=== EXERCISE ===
Wherever "Beach" appears in the records below, copy the line that holds it.

=== GIVEN RECORDS ===
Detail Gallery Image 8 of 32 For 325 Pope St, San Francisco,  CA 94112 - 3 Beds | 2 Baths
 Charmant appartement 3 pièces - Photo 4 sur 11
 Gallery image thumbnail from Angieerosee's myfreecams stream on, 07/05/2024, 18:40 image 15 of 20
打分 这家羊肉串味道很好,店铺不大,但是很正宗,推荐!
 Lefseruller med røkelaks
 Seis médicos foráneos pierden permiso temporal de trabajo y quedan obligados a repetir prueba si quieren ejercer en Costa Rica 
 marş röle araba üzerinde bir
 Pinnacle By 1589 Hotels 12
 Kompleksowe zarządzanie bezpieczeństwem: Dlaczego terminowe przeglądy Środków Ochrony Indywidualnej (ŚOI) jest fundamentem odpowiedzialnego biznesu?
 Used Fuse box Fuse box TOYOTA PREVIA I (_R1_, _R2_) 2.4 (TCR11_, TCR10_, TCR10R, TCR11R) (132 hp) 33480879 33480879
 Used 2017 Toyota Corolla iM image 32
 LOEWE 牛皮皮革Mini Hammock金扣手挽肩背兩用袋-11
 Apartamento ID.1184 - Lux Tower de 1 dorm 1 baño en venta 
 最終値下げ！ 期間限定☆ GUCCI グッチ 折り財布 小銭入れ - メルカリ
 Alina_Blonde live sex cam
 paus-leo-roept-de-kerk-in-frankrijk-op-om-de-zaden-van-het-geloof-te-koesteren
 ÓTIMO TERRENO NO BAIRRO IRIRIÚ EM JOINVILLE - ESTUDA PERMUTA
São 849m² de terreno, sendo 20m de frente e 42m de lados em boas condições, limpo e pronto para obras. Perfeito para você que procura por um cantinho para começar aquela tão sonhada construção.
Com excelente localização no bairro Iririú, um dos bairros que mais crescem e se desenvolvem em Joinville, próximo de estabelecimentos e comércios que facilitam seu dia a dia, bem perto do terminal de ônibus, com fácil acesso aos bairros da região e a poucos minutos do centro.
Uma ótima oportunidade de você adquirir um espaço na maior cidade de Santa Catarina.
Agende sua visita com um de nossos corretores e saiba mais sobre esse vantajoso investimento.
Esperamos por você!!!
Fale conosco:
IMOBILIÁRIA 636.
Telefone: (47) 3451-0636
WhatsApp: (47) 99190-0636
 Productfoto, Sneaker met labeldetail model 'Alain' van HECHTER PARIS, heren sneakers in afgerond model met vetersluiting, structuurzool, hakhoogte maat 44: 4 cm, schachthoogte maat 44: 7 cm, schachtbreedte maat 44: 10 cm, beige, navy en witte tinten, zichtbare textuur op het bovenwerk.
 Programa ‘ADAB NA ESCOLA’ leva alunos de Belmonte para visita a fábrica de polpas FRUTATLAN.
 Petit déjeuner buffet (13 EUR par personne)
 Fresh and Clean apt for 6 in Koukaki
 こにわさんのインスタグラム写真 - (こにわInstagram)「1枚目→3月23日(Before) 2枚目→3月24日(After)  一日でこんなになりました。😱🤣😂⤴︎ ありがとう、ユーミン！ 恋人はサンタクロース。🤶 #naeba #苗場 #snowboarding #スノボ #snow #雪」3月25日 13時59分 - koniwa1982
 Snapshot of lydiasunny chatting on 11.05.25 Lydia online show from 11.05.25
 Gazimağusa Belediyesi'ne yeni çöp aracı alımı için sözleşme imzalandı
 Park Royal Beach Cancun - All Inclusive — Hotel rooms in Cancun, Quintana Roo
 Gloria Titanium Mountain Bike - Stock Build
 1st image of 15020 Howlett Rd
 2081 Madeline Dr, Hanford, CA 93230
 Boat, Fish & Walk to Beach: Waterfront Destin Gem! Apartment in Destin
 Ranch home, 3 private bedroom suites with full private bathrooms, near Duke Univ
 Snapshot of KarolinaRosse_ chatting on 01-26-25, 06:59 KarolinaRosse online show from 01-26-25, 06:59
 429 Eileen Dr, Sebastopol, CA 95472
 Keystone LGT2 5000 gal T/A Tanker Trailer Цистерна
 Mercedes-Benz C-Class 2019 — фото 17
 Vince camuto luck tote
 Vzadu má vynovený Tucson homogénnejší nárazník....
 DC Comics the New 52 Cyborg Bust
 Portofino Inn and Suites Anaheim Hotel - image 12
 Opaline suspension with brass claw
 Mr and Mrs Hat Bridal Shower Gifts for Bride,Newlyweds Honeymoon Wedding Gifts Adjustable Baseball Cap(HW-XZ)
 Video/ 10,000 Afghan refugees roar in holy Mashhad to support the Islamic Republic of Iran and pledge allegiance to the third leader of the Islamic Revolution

=== RESULT OF THIS EXERCISE ===
 Park Royal Beach Cancun - All Inclusive — Hotel rooms in Cancun, Quintana Roo
 Boat, Fish & Walk to Beach: Waterfront Destin Gem! Apartment in Destin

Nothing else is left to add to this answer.